Le Fri-Son ne veut plus des rappeurs français violents

FRIBOURG – Le rappeur Booba aurait frappé un spectateur. Fri-Son n'accueillera plus de rappeurs gangsta.

Le rap français n'aura plus sa raison d'être au Fri-Son. Du moins pour quelques mois: «Je fais une pause en tout cas jusqu'à septembre avec le rap français de style gangsta», explique Mario Corpataux, programmateur de la salle de concert fribourgeoise. Selon lui, les textes durs et les propos violents du chanteur Booba «ont pu chauffer» la salle vendredi soir. Quelques bagarres ont éclaté parmi les spectateurs. «Booba est lui-même descendu de scène et s'est battu. Je ne l'ai pas vu, mais tout le monde le disait sur place», ajoute-t-il, confirmant une information de La Liberté.

«Dans ce style de musique, ils semblent aimer se battre», estime-t-il, regrettant d'avoir invité l'artiste. «L'équipe de Booba (n.d.l.r.: environ 35 personnes), qui n'était pas sur scène, était vraiment très excitée. Pourtant j'ai reçu d'autres rappeurs français comme Sinik et Kool Shen, et ça s'est très bien passé.»

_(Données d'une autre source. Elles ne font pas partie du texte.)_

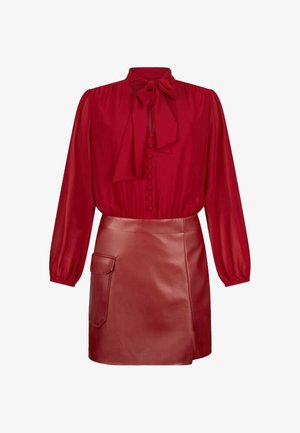 Blusa rossa con scollatura a fiocco e chiusura frontale con bottoni. Abbinata a una mini gonna in pelle rossa con tasca laterale e texture liscia.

«La sécurité au Fri-Son était inexistante», répond Matheos, le manager de Booba, démentant que son protégé ait frappé quelqu'un. «Il y a eu des accrochages autour de notre stand de T-shirts. Des spectateurs ont voulu en voler, et quelques coups ont été échangés. Nous sommes les victimes. Un de nos gars a dû se faire recoudre l'arcade.» Mais, d'après le manager, aucune plainte n'est prévue. La police a été appelée quatre fois dans la soirée mais n'a constaté aucune bagarre, selon sa porte-parole, Francine Zambano.